Under Article 5 §§ 1 and 3 (right to liberty and security), the applicants complain about their pre-trial
detention, which in their view was arbitrary. In that connection they allege that their placement in
pre-trial detention was incompatible with the domestic legislation in that they were members of the
National Assembly and as such entitled to parliamentary immunity. They also contend that there
was no evidence giving rise to a reasonable suspicion that they had committed a criminal offence
justifying their detention. All the applicants further complain of the length of their pre-trial
detention and allege that the judicial decisions concerning their detention contained no reasons
other than a mere statement of the grounds for pre-trial detention provided for by law, and were
worded in abstract, repetitive and formulaic terms.
Relying on Article 5 § 4 (right to a speedy decision on the lawfulness of detention), eleven of the
applicants complain of being denied access to the investigation file. In their view, they were
prevented from challenging effectively the decisions ordering their placement in pre-trial detention.
Also from the standpoint of Article 5 § 4 (right to a speedy decision on the lawfulness of detention),
twelve of the applicants maintain that the Constitutional Court proceedings in which they sought to
challenge the lawfulness of their pre-trial detention did not comply with the requirements of the
Convention, in that the Constitutional Court failed to observe the requirement of “speediness”.
The applicants also complain about their pre-trial detention from the standpoint of Article 3 of
Protocol No. 1 to the Convention (right to free elections).
Under Article 18 (limitation on use of restrictions on rights) of the Convention, read together with
Article 5, the applicants complain that they were detained for expressing critical opinions about the
political authorities. They argue in that regard that the purpose of their pre-trial detention was to
silence them.
Relying on Article 34 (right of individual application) of the Convention, eleven of the applicants
contend that the criminal investigations concerning some of their lawyers had an intimidating effect
on them.
Violation of Article 10
Violation of Article 5 § 1
Violation of Article 5 § 3
Violation of Article 5 § 4 (lack of access to the investigation file)

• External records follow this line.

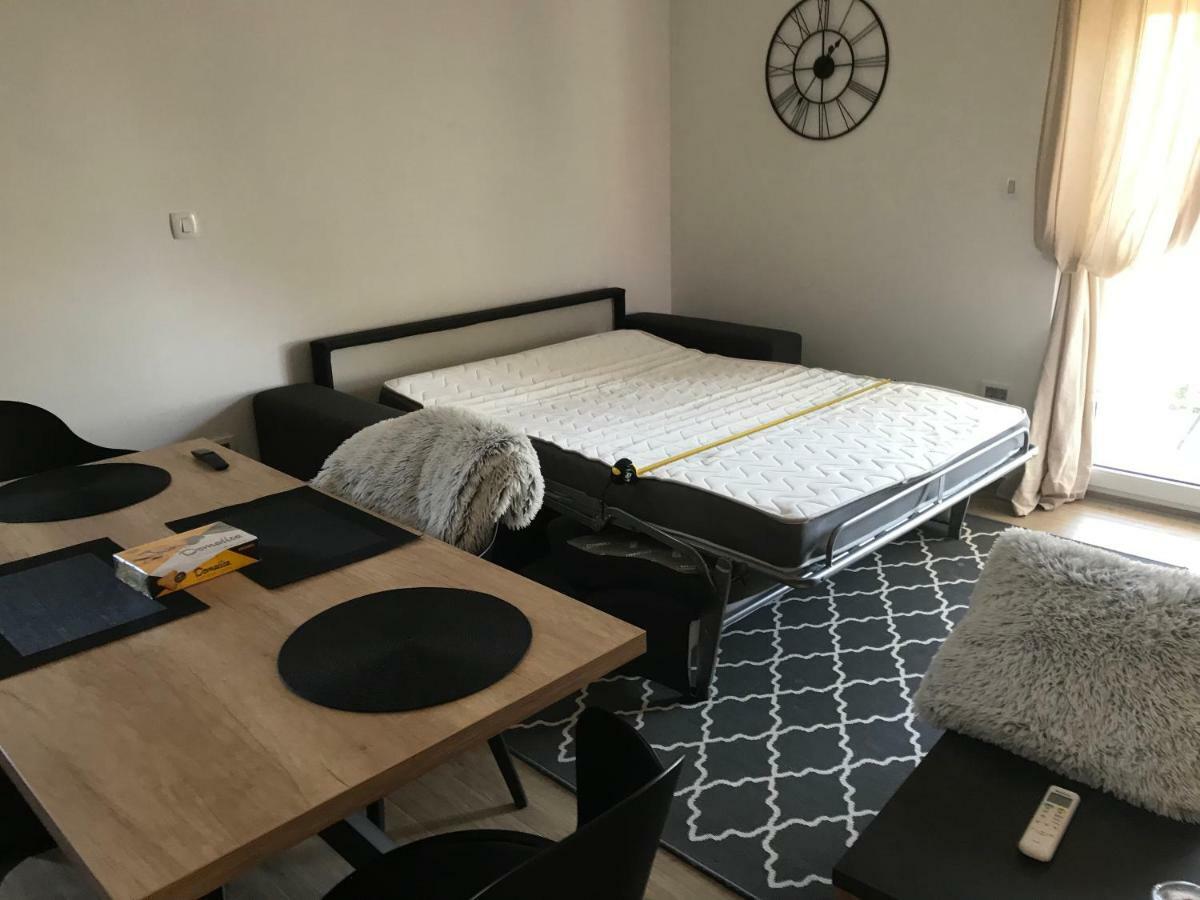 Ultra Apartment *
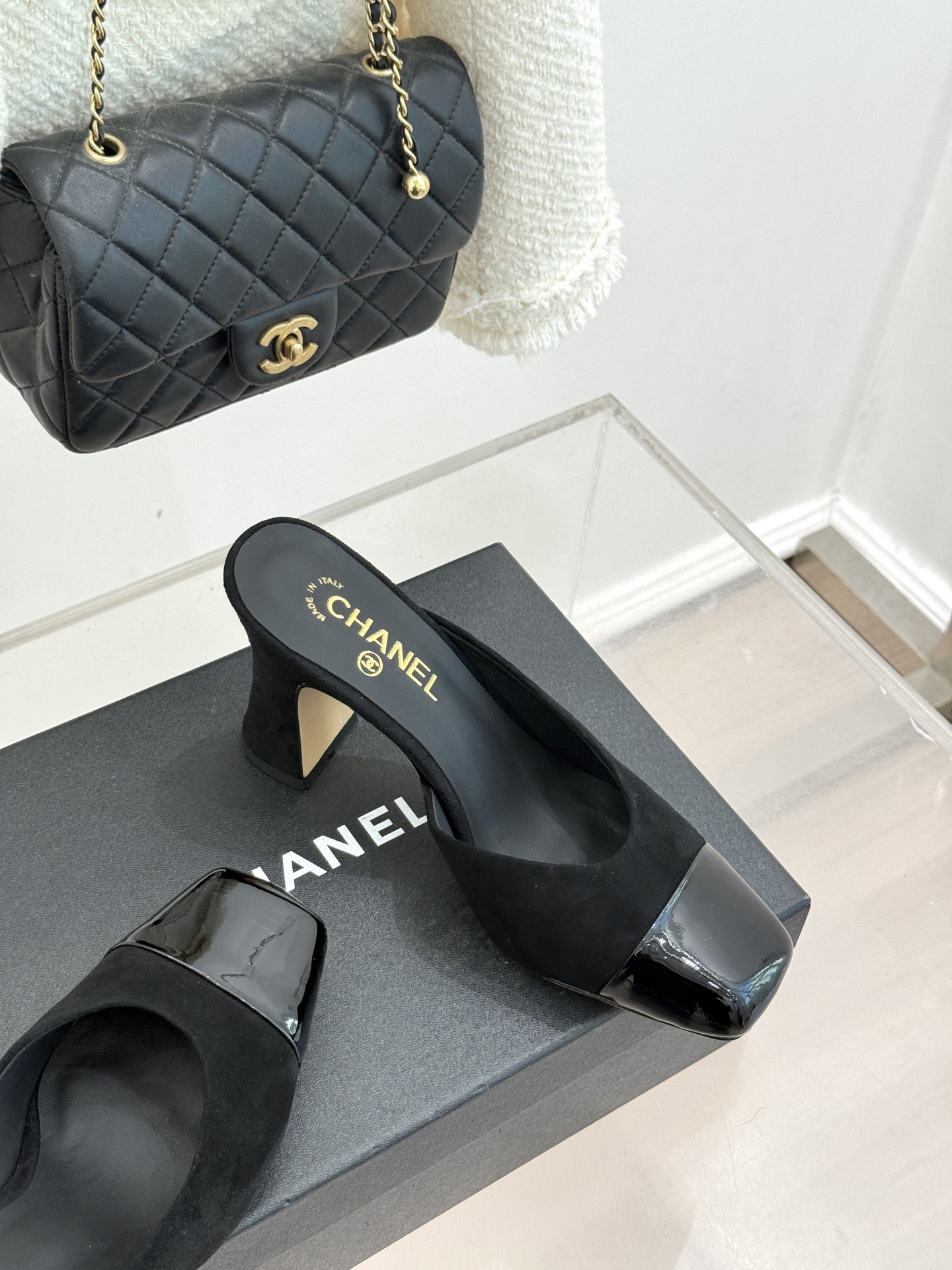 CHANE*｜小香经典双C大方头拼色高跟拖鞋当巴黎大皇宫的秀场灯光聚焦于足尖这双走秀款大方头高跟鞋便以利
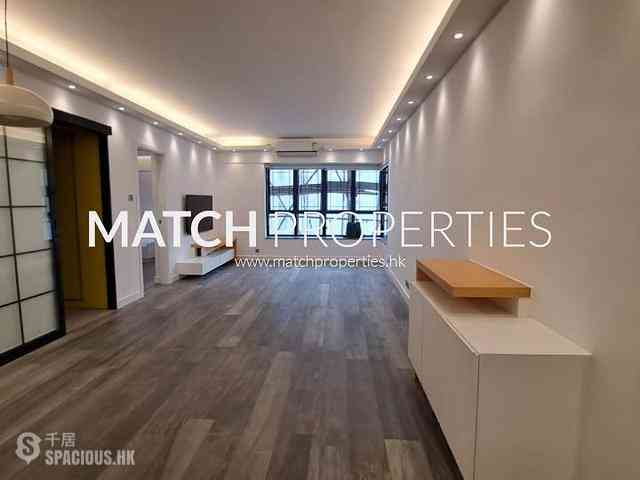 Mid Levels Central - Elegant Terrace 01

Non-violation of Article 5 § 4 (lack of speedy judicial review by the Constitutional Court)
Violation of Article 3 du Protocole no 1
Violation of Article 18 combiné avec l’article 5
No violation of Article 34
Article 46: the Court held that the respondent State was to take all necessary measures to put an
end to the pre-trial detention of those applicants still deprived of their liberty
Just satisfaction: details of the amounts awarded to the applicants in respect of non-pecuniary
damage and costs and expenses are set out in a summary table appended to the judgment.